#### DATA EXTRACT ####
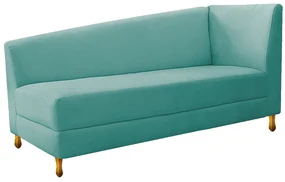Recamier Valéria 140cm Lado Esquerdo Suede Azul Tiffany- ADJ Decor
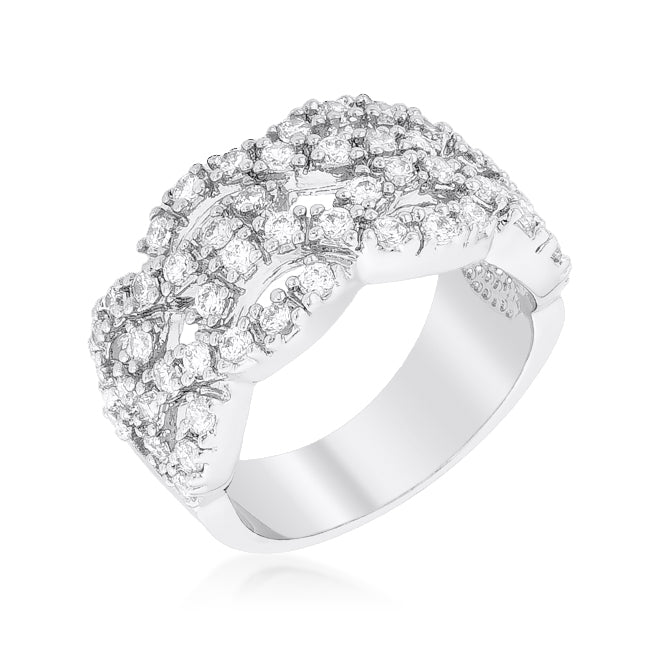 Avera Braided Cubic Zirconia Statement Cocktail Ring in Silver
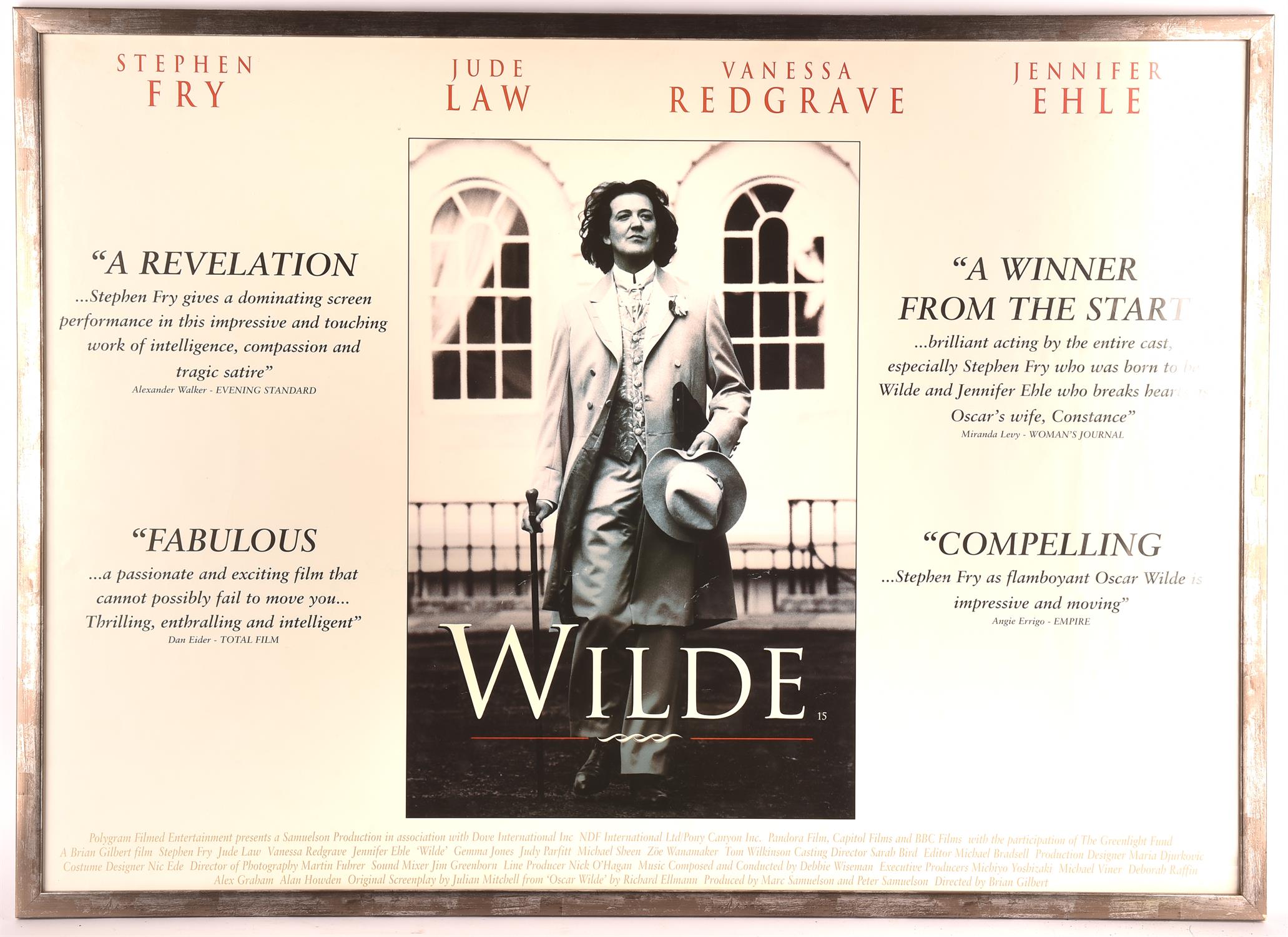Wilde (1997) British Quad film poster, starring Stephen Fry and Jude Law, 41 ½ x 30 inches overall,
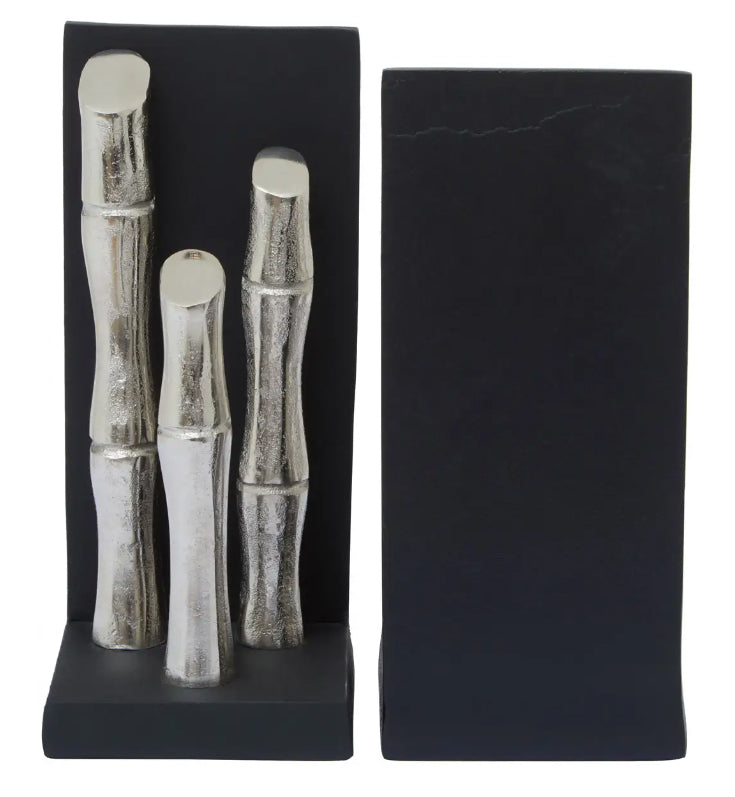 Hiba Metal Set Of 2 Bamboo Sticks Bookends In Silver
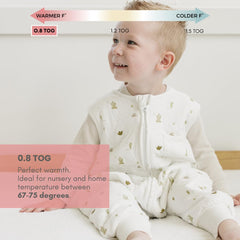 Tealbee Dreamsuit worn in summer 0.8 TOG for warm rooms.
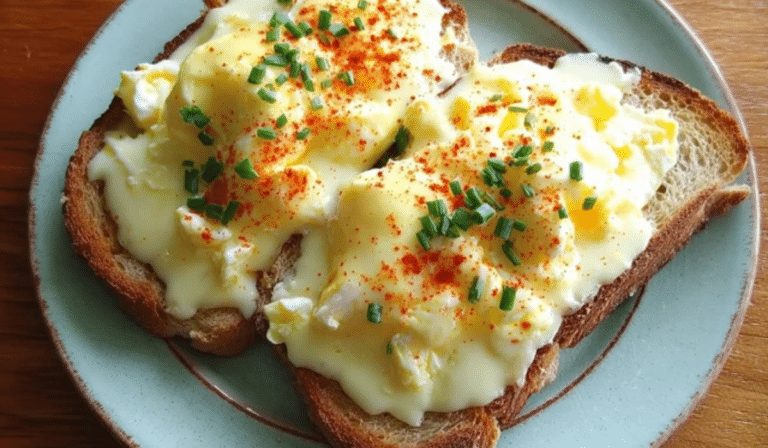Creamed Eggs on Toast topped with paprika and chives on golden toast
####
=== TASK BRIEF ===
When you restate the listing, keep every word as it is and drop the pictures.

=== FINISHED TASK ===
Recamier Valéria 140cm Lado Esquerdo Suede Azul Tiffany- ADJ Decor
 Avera Braided Cubic Zirconia Statement Cocktail Ring in Silver
Wilde (1997) British Quad film poster, starring Stephen Fry and Jude Law, 41 ½ x 30 inches overall,
 Hiba Metal Set Of 2 Bamboo Sticks Bookends In Silver
 Tealbee Dreamsuit worn in summer 0.8 TOG for warm rooms.
Creamed Eggs on Toast topped with paprika and chives on golden toast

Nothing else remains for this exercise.